I never really understood the obligatory post-game handshake between two football teams. Here are two teams that just finished the last three hours beating the snot out of each other and now they are expected to raise a smile and say “nice game”. While they will eventually get to that point, I am pretty sure that they don’t feel it at that moment.
Don’t get me wrong, I totally believe in sportsmanship and dealing graciously with winning and losing. I just don’t know how one can expect such a dramatic change in two minutes.
That’s because you can’t – and it is no different in the business world or any other part of life. We all have what a friend of mine calls “take-up time” If you want to lead others with a new idea you have to really understand this simple piece of human psychology.

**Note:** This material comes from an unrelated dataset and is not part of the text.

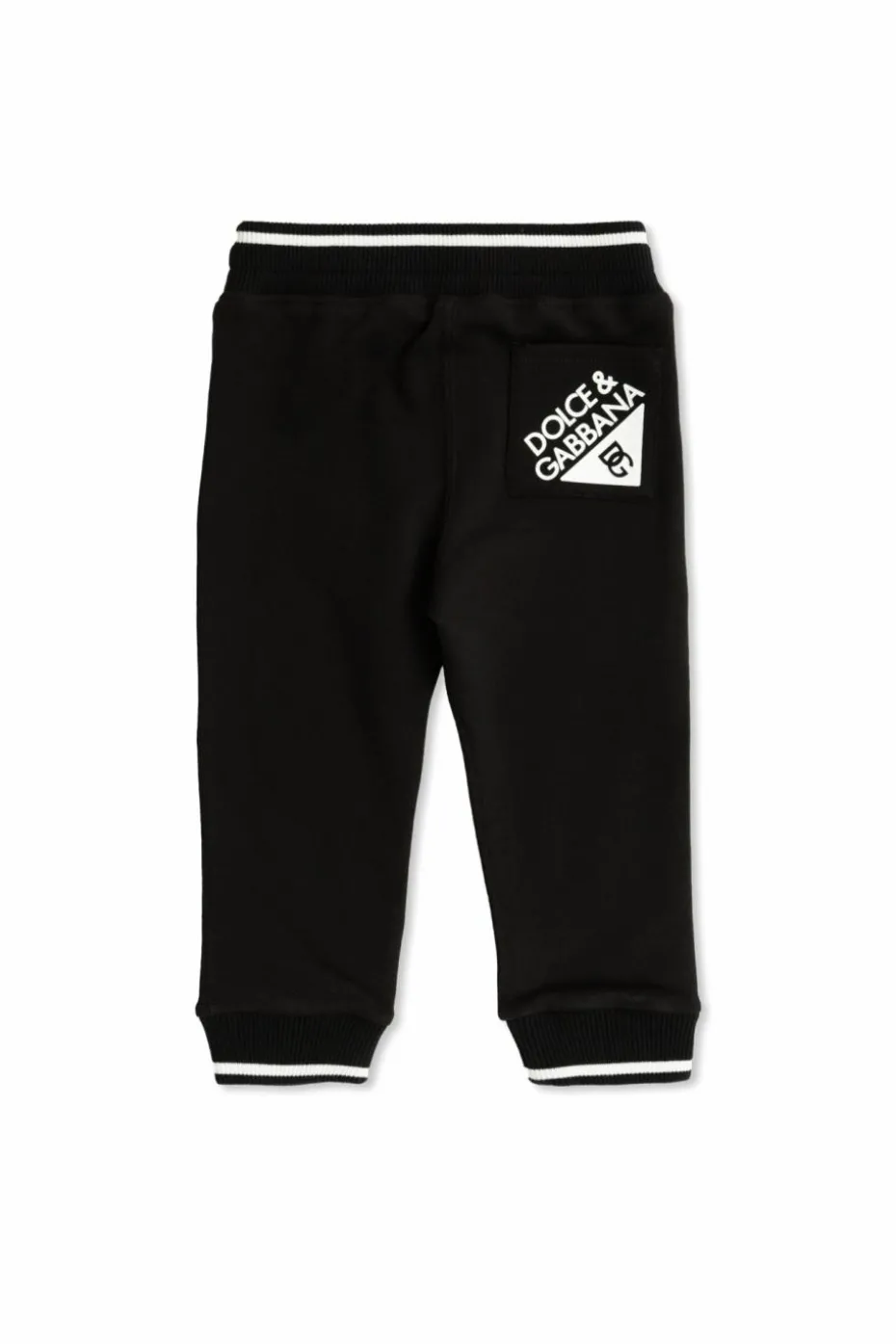 Dolce & Gabbana Kids CZARNY Spodnie dresowe z logo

Take-up time is the processing someone requires to go from their current direction or view to accepting a different direction or view. It’s all of the little emotional states that one encounters to understand that change is being asked and that they need to accept it and then finally support it.
Everyone requires a different amount of time to process course changing material. Did you ever present someone a new idea that you thought was naturally brilliant only to find they were very resistant; the more you tried to convince them the more they dug their heels in? Then a couple of days later it appears as they magically got it and are on board. You really didn’t have to do anything, just let it lie. This is take-up time.
The hard part for us as leaders is that we assume the reason the other party isn’t on board is because we haven’t sold them. Our natural reaction is to talk more which is usually the polar opposite of what is needed. The more we try to sell the more it looks like an idea that isn’t good enough on its own.
Everyone needs time to get comfortable with a new idea. Some people can do this in a couple of minutes while others might take weeks. Some of this time is dependent on how radically different the idea while another part of the time depends on the individual’s personality.
The key here is to understand when to stop selling and when to just let someone get comfortable with an idea. You don’t need to go back every couple of hours and push a new angle. Just sit back and wait. If they have questions, make yourself available to answer them. Trust that they will ultimately come around. They still may be skeptical but if the idea is a good one they will in all likelihood agree to the new direction – with time.
Respecting their take-up time will go a long way in building a trusting relationship.
Do you know what your take-up time looks like?